Data records:
....
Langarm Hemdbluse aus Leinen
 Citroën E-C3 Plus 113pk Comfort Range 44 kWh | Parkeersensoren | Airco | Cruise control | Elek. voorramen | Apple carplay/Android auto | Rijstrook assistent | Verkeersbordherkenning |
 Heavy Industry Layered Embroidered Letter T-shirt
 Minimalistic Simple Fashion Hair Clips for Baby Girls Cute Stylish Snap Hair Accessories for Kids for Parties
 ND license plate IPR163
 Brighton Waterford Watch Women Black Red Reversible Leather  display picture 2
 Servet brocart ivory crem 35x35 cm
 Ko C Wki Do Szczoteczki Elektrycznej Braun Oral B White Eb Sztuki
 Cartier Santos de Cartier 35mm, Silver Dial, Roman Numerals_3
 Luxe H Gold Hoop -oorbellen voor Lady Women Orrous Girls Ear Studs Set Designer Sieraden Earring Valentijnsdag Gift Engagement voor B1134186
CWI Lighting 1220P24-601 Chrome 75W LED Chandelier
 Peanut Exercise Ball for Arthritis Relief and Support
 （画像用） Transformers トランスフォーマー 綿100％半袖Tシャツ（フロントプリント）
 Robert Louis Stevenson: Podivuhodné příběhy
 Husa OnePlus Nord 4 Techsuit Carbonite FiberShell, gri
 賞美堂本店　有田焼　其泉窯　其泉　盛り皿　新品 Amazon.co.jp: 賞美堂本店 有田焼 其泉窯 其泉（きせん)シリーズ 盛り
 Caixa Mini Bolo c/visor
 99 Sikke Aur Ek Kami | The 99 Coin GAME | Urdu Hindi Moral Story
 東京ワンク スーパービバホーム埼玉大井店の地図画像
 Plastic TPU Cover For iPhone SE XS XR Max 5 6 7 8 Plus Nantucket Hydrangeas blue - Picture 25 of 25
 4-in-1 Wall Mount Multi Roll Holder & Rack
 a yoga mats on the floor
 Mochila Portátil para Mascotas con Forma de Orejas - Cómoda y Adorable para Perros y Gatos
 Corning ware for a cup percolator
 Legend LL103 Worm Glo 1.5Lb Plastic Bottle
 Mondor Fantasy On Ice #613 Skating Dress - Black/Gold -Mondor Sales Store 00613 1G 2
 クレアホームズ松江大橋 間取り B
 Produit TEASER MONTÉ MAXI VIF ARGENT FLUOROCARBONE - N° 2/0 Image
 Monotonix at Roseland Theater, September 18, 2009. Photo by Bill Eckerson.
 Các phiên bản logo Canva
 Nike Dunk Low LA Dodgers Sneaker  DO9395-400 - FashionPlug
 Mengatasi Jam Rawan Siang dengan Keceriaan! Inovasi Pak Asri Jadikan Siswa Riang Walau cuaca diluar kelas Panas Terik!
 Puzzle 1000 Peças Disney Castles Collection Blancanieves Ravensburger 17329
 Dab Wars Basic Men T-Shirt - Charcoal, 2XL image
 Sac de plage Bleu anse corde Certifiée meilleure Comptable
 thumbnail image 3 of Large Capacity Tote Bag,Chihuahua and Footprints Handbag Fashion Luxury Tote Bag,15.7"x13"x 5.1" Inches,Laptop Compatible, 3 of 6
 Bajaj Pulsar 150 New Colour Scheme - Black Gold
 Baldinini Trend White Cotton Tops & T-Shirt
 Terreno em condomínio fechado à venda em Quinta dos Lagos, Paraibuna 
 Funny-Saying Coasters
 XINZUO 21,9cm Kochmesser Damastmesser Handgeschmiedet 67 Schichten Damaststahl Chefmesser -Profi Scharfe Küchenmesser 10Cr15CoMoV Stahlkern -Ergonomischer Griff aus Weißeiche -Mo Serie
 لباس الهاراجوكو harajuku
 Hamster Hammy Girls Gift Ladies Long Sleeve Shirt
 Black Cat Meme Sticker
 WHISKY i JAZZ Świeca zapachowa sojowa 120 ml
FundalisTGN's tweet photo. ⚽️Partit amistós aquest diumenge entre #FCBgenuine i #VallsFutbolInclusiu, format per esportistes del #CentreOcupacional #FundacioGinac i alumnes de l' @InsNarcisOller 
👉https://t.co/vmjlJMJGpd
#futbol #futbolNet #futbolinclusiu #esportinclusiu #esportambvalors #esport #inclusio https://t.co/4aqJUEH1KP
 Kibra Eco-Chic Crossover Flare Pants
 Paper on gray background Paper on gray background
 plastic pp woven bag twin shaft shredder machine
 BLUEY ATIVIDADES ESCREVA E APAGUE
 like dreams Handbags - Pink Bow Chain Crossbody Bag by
....
Requirement: For the string "Black", give the number of lines in the data that contain it, and only that number.

Output for this exercise: 4